Deep in Superior
“That’s one big lake,” remarked Doug as they drove along the northern shoreline of Superior. Doug Fitzgerald and his wife, Rita, were heading east along Highway 17 to their cottage to open up for the summer season.
“It’s a deep lake,” added Rita.
“Mmhm, that it is,” agreed Doug. “So what do you think?”
“It’s possible it could work. Plenty of remote areas, that’s for sure,” Rita said.
“Not without risks, though, is it?” Doug warned.
“You’ve already put us at risk of losing everything. This may be our only chance to get out of the mess we’re in,” Rita replied.
Rita was referring to his gambling debts. What had started as a fun way to pass the time with his buddies became an all-consuming need to play to win. His few wins had just fuelled his need enough that he couldn’t make himself stop. As he was the one who paid the bills, he was able to hide the growing debt load from Rita for a long time. When he could no longer cover even the minimum payments, he had no choice but to confess to both his wife and 28 year old son. Not only was everything mortgaged to the hilt, credit cards were maxed out, and Doug owed a substantial amount to a fellow gambler who made his real money as a loan shark.
“You’re right, I’m worth so much more dead than alive,” he conceded.
“I wouldn’t put it that way. But the fact is, we’re facing the shame of bankruptcy and worse,” Rita reminded him. “Maybe it’s time to take the risk and gamble for our freedom.”
They came to a silent agreement to go ahead with their plan.
A couple of months after the decision had been made, Doug and Rita’s 26 foot cruiser exploded and sank deep in Lake Superior.
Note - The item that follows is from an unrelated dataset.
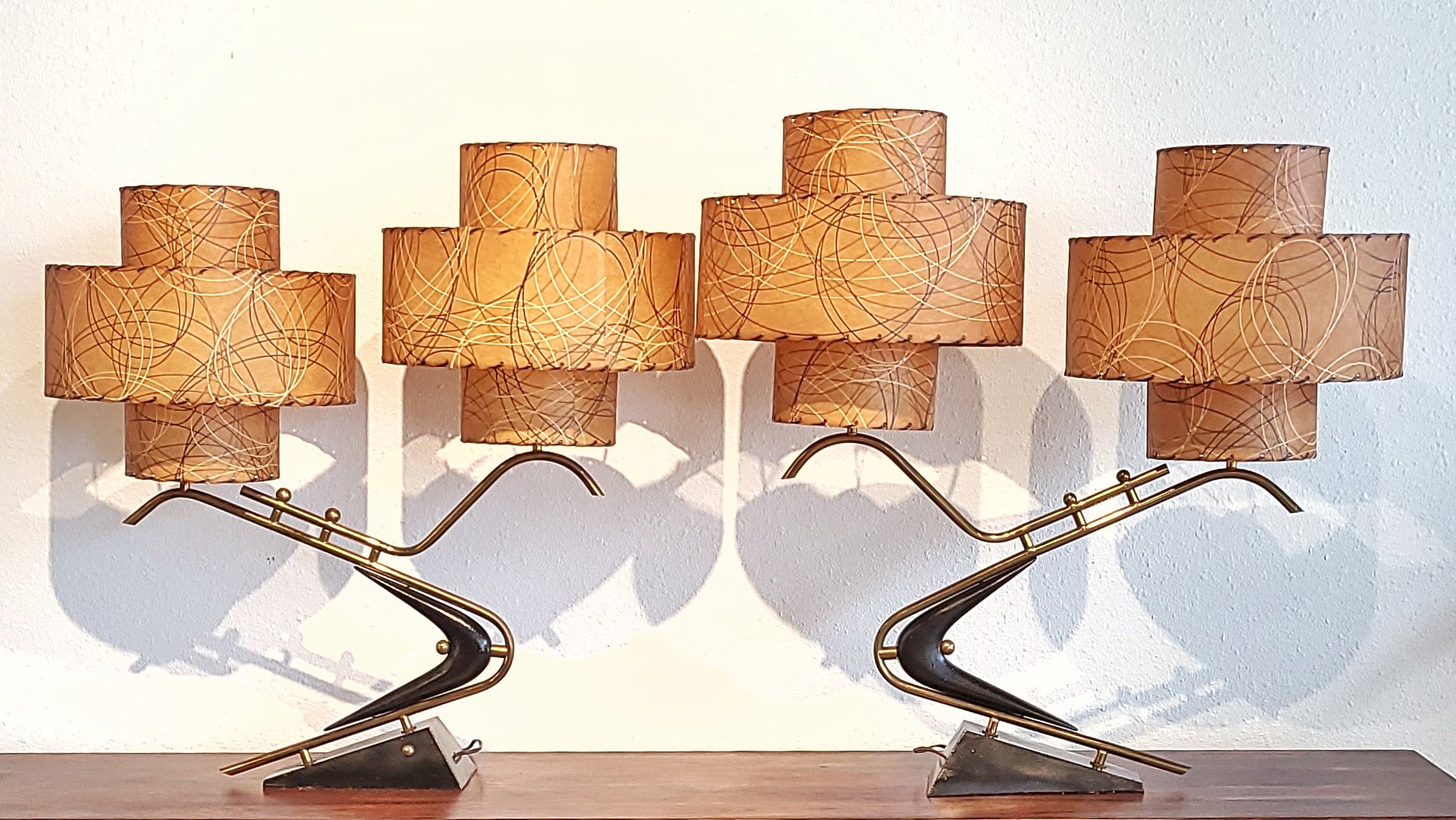 1950s ‘BOOMERANG’ TABLE LAMPS WITH TRIPLE-LEVEL FIBERGLASS SHADES (PAIR)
No bodies were found. Superior, they say, doesn’t give up her dead.
The idea came to him one day as they were driving in to work at their law office of Fitzgerald, Fitzgerald, and Son. The local radio station played an old folk song about a freighter lost to Superior. As he listened to the lyrics lamenting the deaths of the men on board the wreck, Doug thought of the wreck he had made of his own life and that of his wife and son. He thought about how he was drowning in debt. He wondered if his family would be better off if he lay at the bottom of the lake.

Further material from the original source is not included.